RECORDS FOR THIS EXERCISE section start

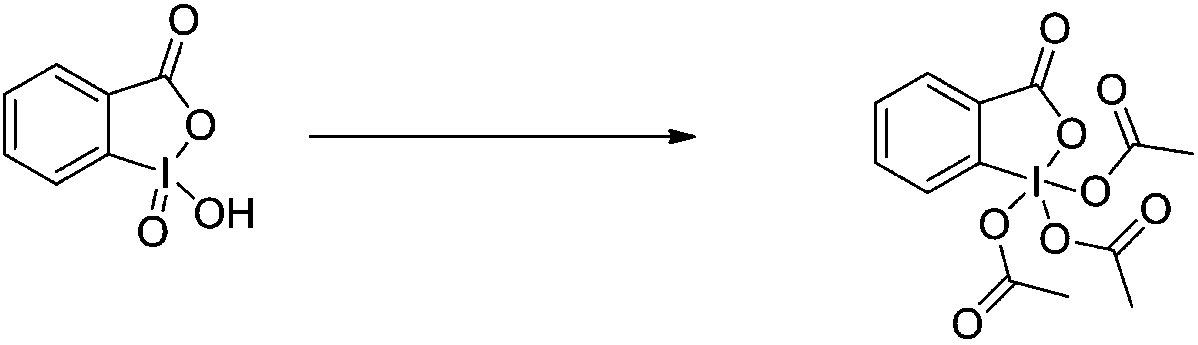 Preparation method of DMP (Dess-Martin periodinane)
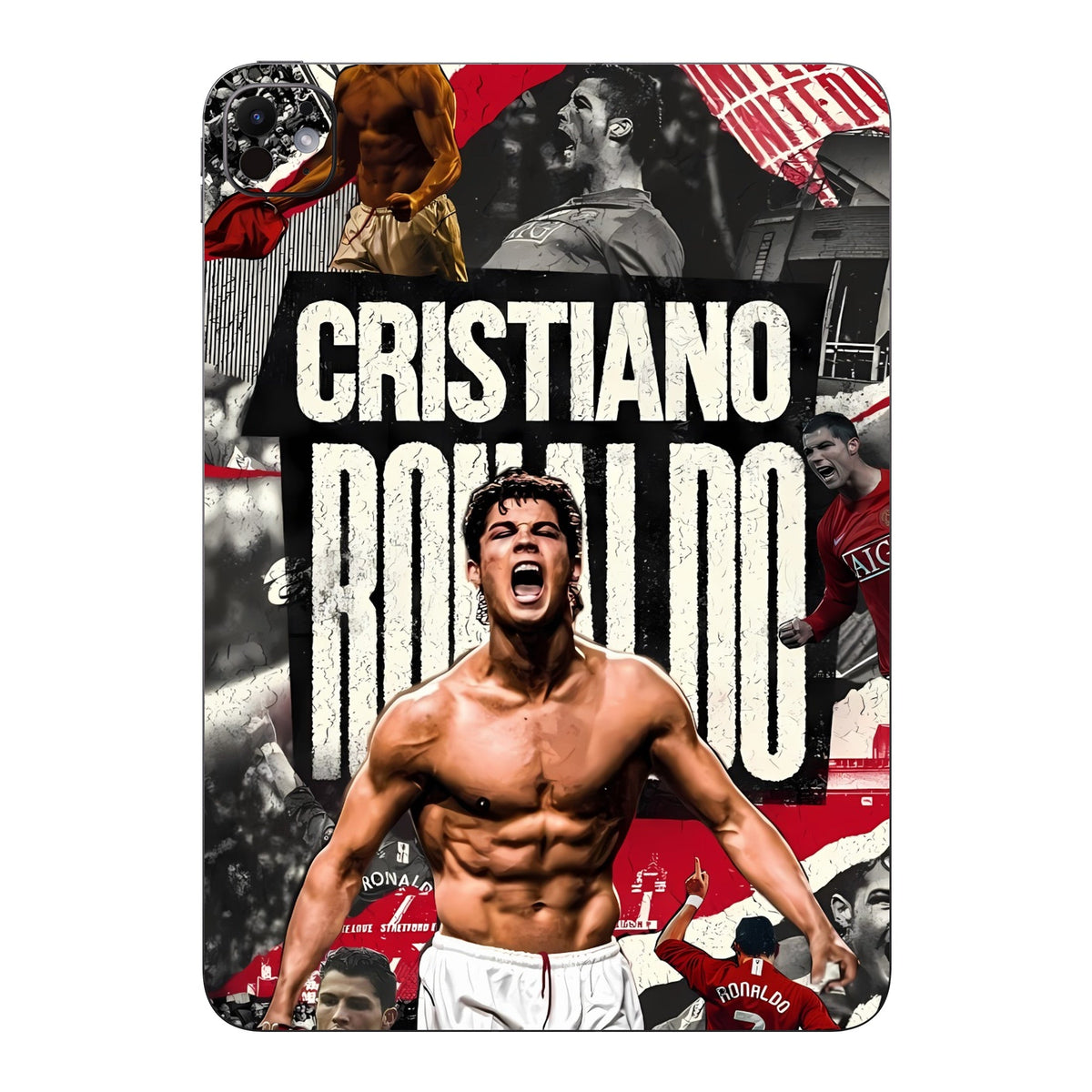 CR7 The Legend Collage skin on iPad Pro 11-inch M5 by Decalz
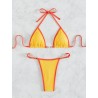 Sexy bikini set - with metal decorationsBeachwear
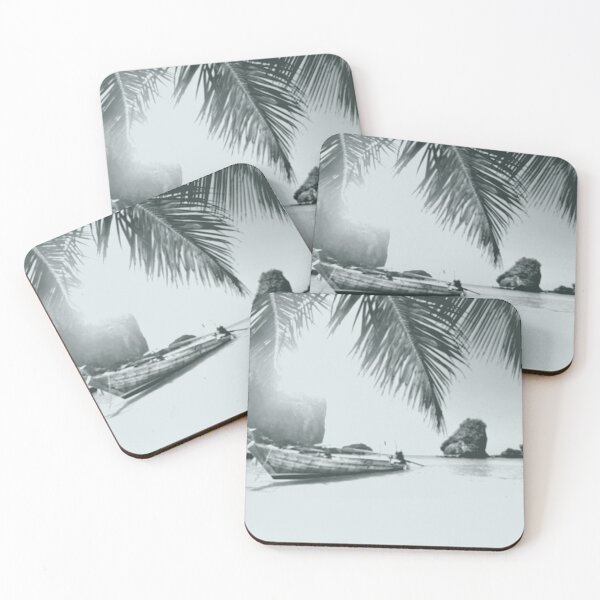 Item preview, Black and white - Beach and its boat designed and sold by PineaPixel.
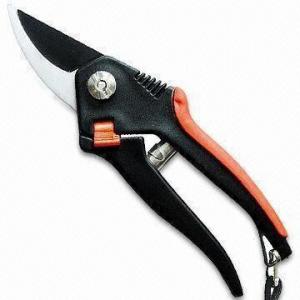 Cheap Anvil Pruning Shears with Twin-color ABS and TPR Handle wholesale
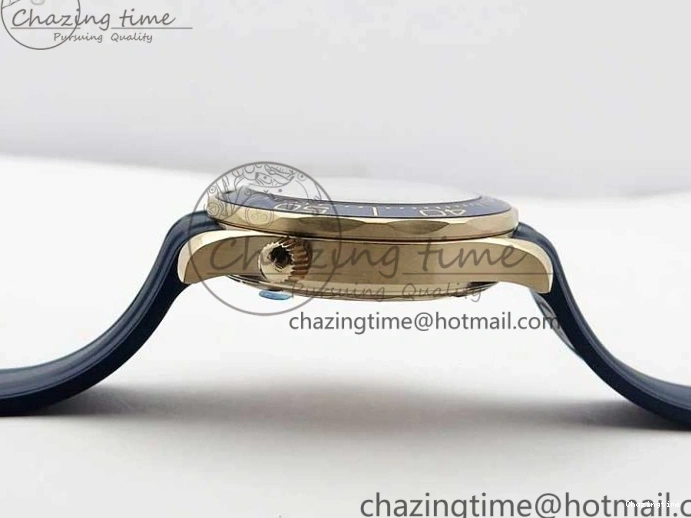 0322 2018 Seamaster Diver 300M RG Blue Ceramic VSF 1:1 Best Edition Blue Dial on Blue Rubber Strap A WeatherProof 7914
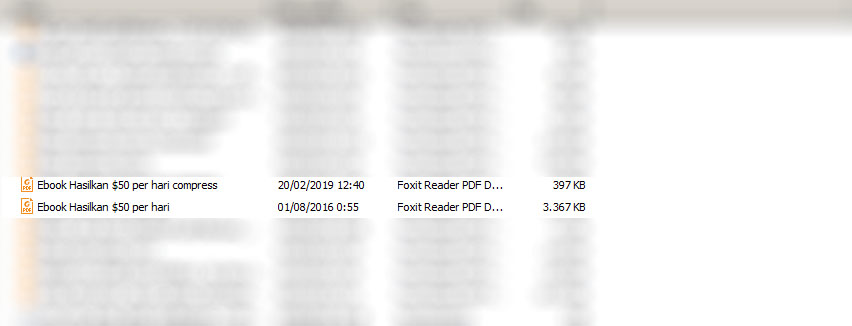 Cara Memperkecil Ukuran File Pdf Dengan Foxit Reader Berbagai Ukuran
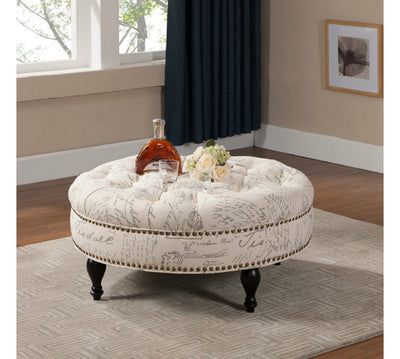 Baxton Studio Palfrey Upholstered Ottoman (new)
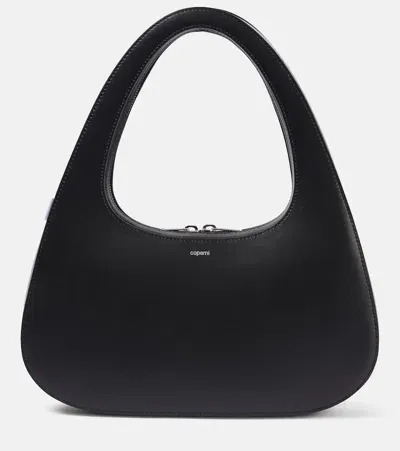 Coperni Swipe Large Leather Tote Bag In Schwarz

RECORDS FOR THIS EXERCISE section end
RECORDS FOR THIS EXERCISE section start

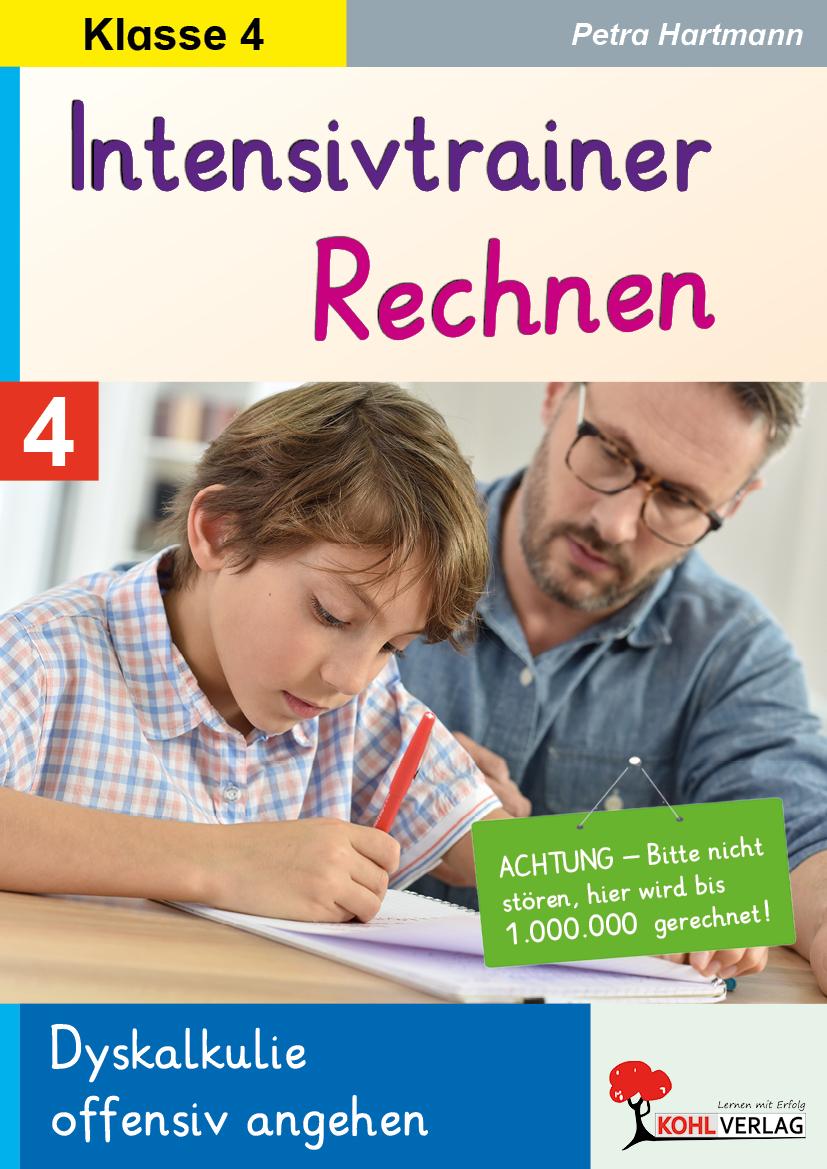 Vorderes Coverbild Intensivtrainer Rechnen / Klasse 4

RECORDS FOR THIS EXERCISE section end

● **DIRECTIONS**
When you reach the line with "Cheap Anvil Pruning" in the records above, start writing out each line exactly, and stop after the line with "Baxton Studio Palfrey". Pictures stay out.

● **TASK SOLUTION**
 Cheap Anvil Pruning Shears with Twin-color ABS and TPR Handle wholesale
 0322 2018 Seamaster Diver 300M RG Blue Ceramic VSF 1:1 Best Edition Blue Dial on Blue Rubber Strap A WeatherProof 7914
 Cara Memperkecil Ukuran File Pdf Dengan Foxit Reader Berbagai Ukuran
 Baxton Studio Palfrey Upholstered Ottoman (new)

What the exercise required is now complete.